**WHAT THE TASK ASKS**
What is wanted is every line below from the one with "78 Number Krone" up to and including the one with "Зип-худи C.P. Company", retyped exactly, pictures excluded, nothing else.

*** SOURCE DATA Section Begins ***

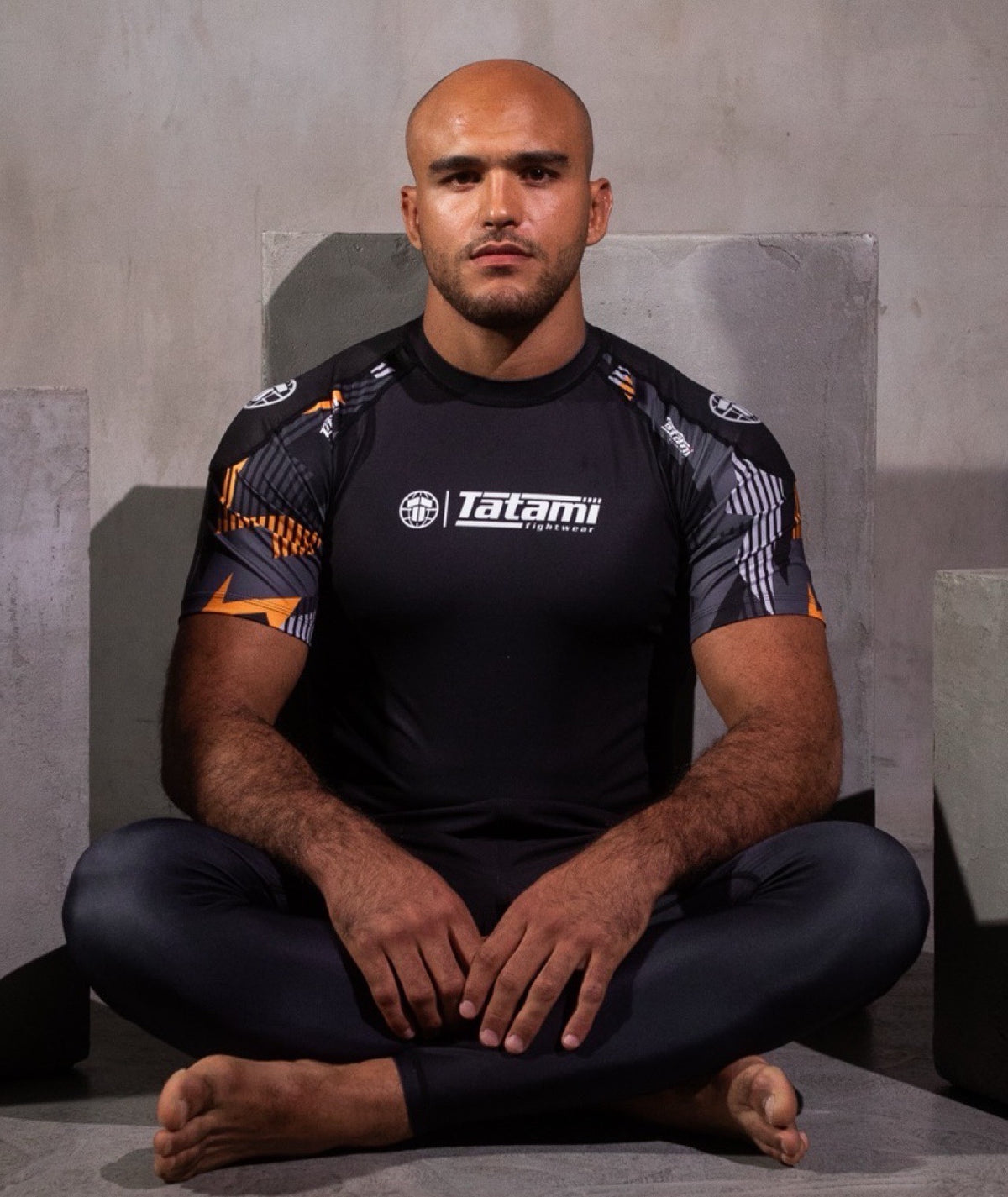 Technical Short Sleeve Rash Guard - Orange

*** SOURCE DATA Section Ends ***
*** SOURCE DATA Section Begins ***

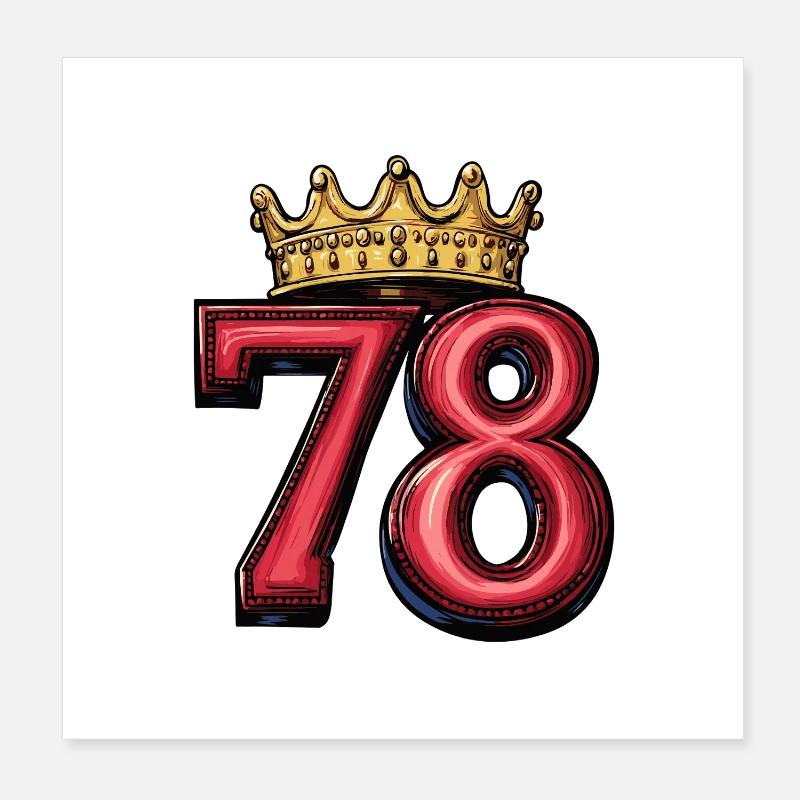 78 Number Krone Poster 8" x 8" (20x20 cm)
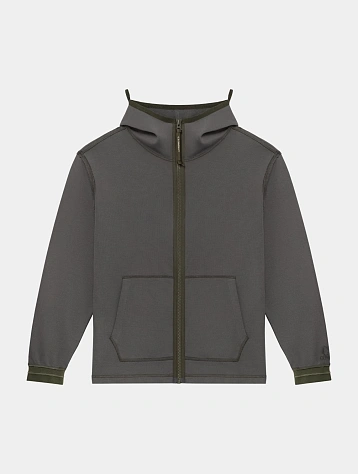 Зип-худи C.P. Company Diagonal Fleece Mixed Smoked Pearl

*** SOURCE DATA Section Ends ***
*** SOURCE DATA Section Begins ***

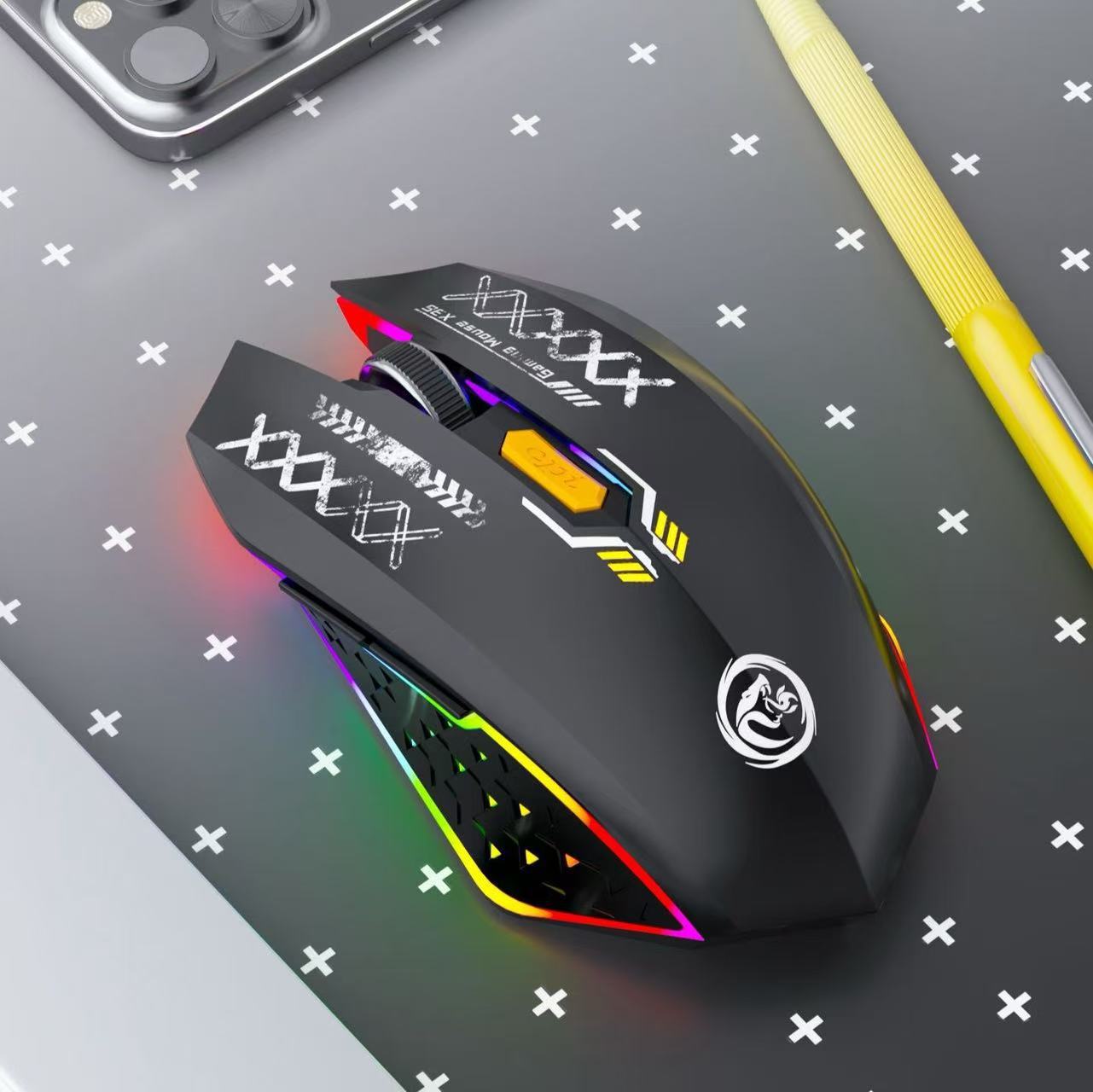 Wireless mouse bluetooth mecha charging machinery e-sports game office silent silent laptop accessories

*** SOURCE DATA Section Ends ***

**RESULT FOR THIS EXERCISE**
 78 Number Krone Poster 8" x 8" (20x20 cm)
 Зип-худи C.P. Company Diagonal Fleece Mixed Smoked Pearl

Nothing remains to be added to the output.